In the records below, find the line containing "Bernardo Espinosa of", then copy that line and all lines after it, exactly, omitting every picture.

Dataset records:
------------------------------------------------------------------------

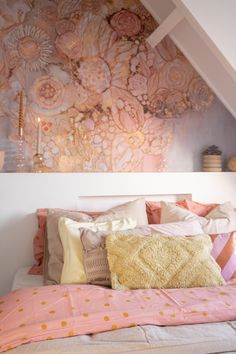 a bed with pink and yellow pillows on top of it next to a wall mural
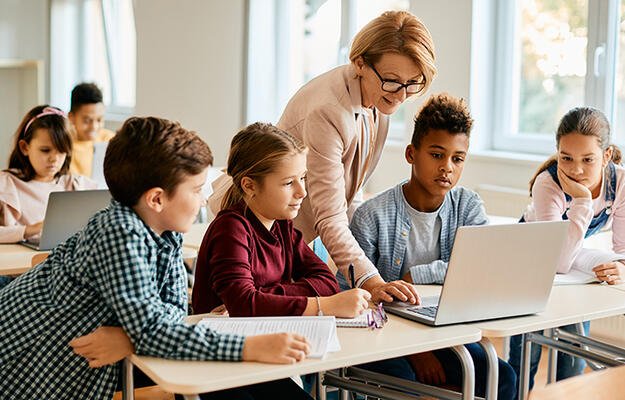 Children at school working on a laptop together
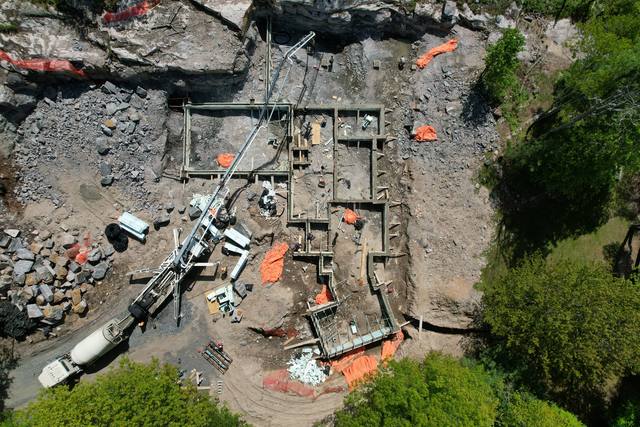 Straight down over a footing pour — the pump truck reaching the far corner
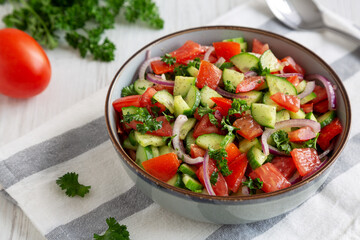 Homemade Mediterranean Cucumber Tomato Salad in a Bowl, side view.
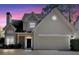 Two-story house exterior at dusk with stone accents at 2124 Berryhill Se Cir, Smyrna, GA 30082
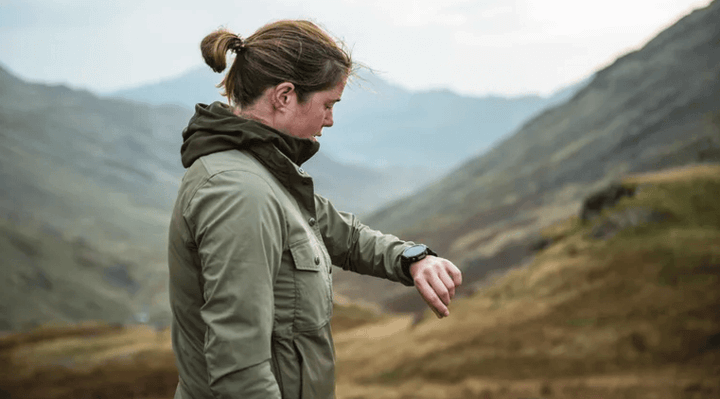 ผู้หญิงสวม T-Rex 3 อยู่กลางแจ้งบนภูเขาในวันที่มีเมฆมาก แสดงให้เห็นการใช้งานสมาร์ตวอทช์ทนทานในสภาพแวดล้อมธรรมชาติ
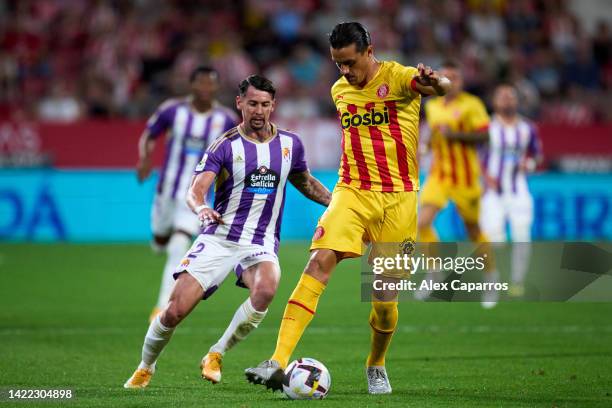 Bernardo Espinosa of Girona FC is challenged by Luis Perez of Real Valladolid CF during the LaLiga Santander match between Girona FC and Real...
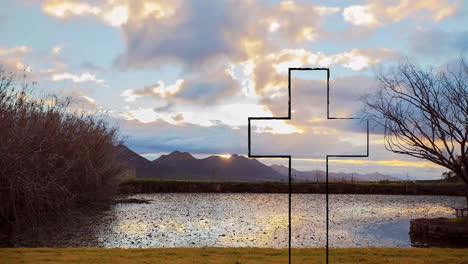 sunset casting silhouette of cross over serene lake and mountain landscape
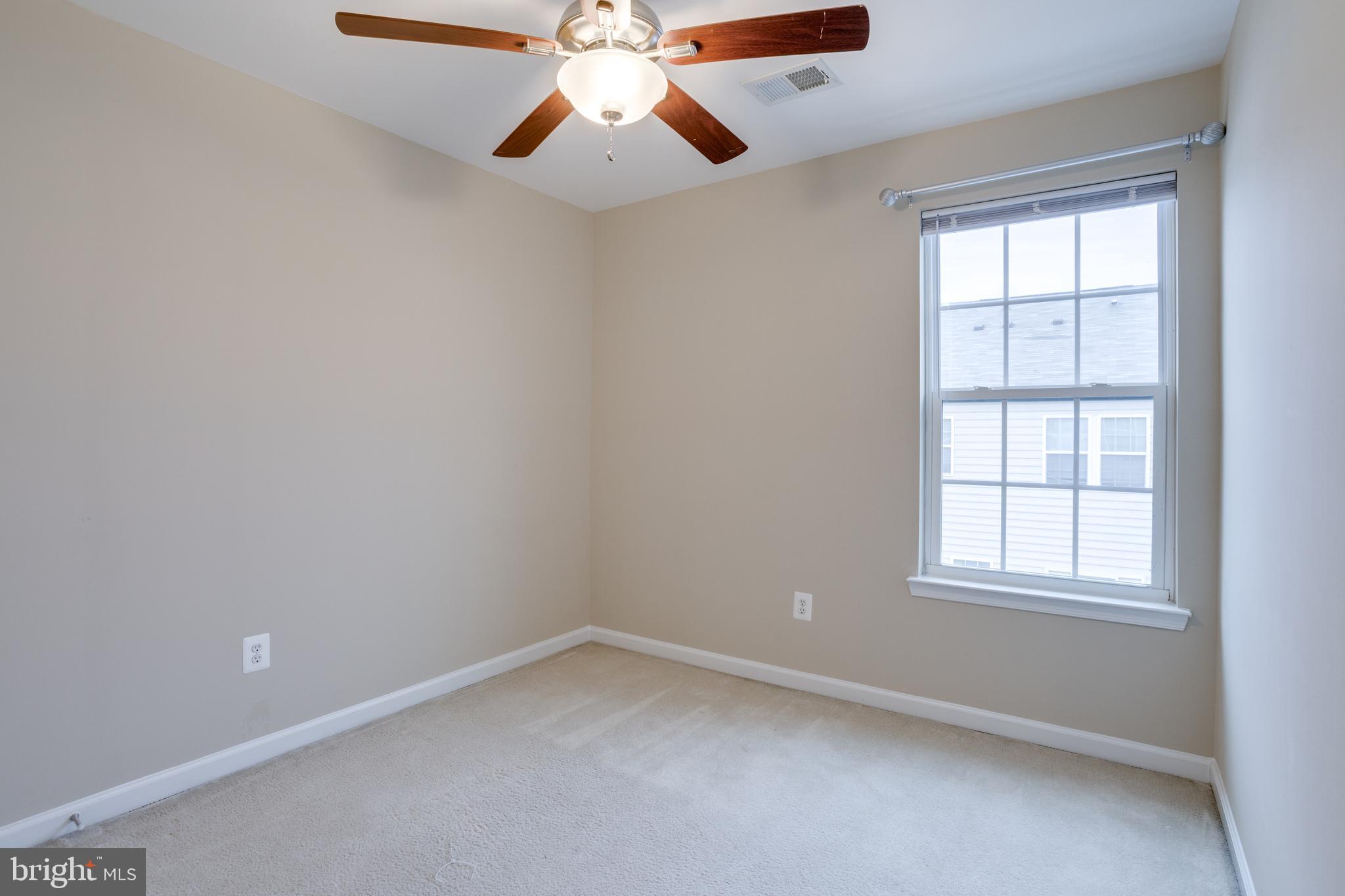 7012 Trek Way Gainesville, VA 20155 - Photo 24 of 33 an empty room with a window and a fan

------------------------------------------------------------------------

Solution to this task:
 Bernardo Espinosa of Girona FC is challenged by Luis Perez of Real Valladolid CF during the LaLiga Santander match between Girona FC and Real...
 sunset casting silhouette of cross over serene lake and mountain landscape
 7012 Trek Way Gainesville, VA 20155 - Photo 24 of 33 an empty room with a window and a fan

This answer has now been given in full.